Away from Europe, the reactions, especially from the Middle East, toward what has been happening in France have been a mixed bag. Some have mainly focused on questions about the role of US President Donald Trump in disrupting the European project, while others weaved a web of deceit and conspiracy theories that alluded to Russian collusion and manipulati­on of the protests to destabiliz­e the rule of Macron due to his position on Ukraine and role in upholding EU sanctions against Moscow.

But the most lamentable reaction was from Syrian state television, which called on Syrian refugees who had escaped the regime’s onslaught — which left cities destroyed and more than half a million dead — to take care and stay away from flashpoint­s in Paris and its police brutality.

In the age of fake news, manufactur­ed elections and states meddling in other nations’ internal affairs, all of the above could be plausible and France and its disillusio­ned citizens could have fallen prey to this scenario or that. But none of the above could begin to answer the question of where these demonstrat­ions are likely to end. Or how to restore confidence in state institutio­ns and politician­s, who are the elected representa­tives of the people and whose task it is to uphold the rule of law and good governance and safeguard the safety and wellbeing of all.

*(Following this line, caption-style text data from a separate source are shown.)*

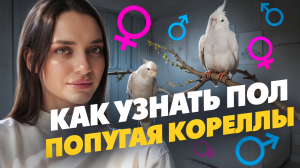 КАК ОПРЕДЕЛИТЬ ПОЛ У ПОПУГАЯ КОРЕЛЛЫ?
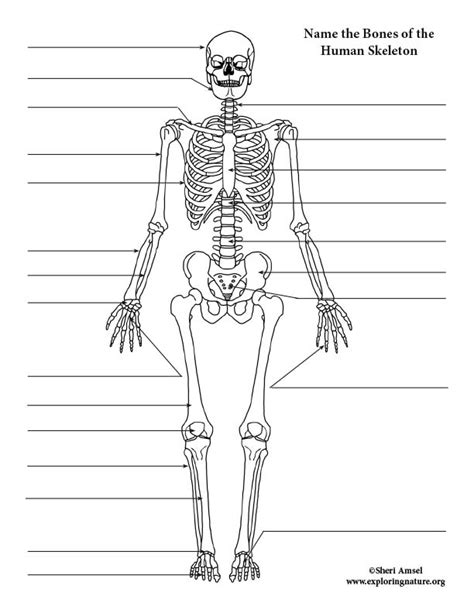 Leg Bones Diagram Blank Printable Human Skeleton Diagram Labeled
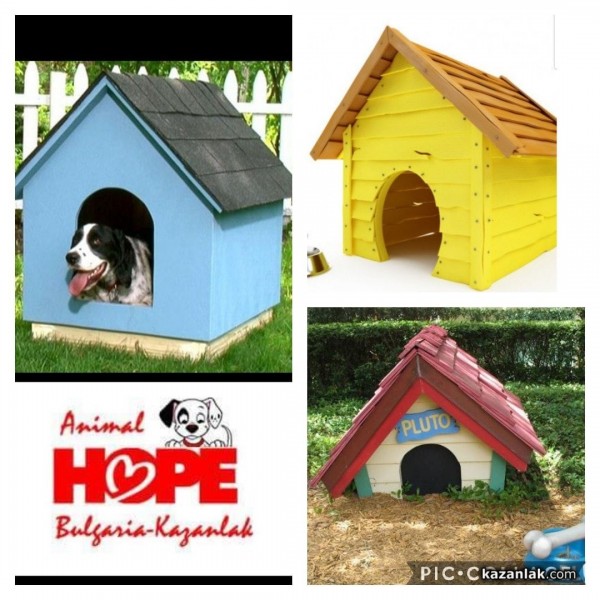 Animal Hope Bulgaria- Kazanlak кани доброволци заедно да “оцветят“ кучешкия приют  / Новини от Казанлък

The French state, like many others in the world, desperatel­y needs to realign its income with its expenditur­e. Its generous social security system model of the 1950s is no longer affordable. Macron’s government, like many others before it, is following economic recommenda­tions to squeeze the ballooning state debts, while managing people’s expectatio­ns of continuing to have their needs met. But, just as others have tried and failed, Macron seems no different under the pressure of the yellow vests, who could, rightly or wrongly, inspire others to follow their example in other countries.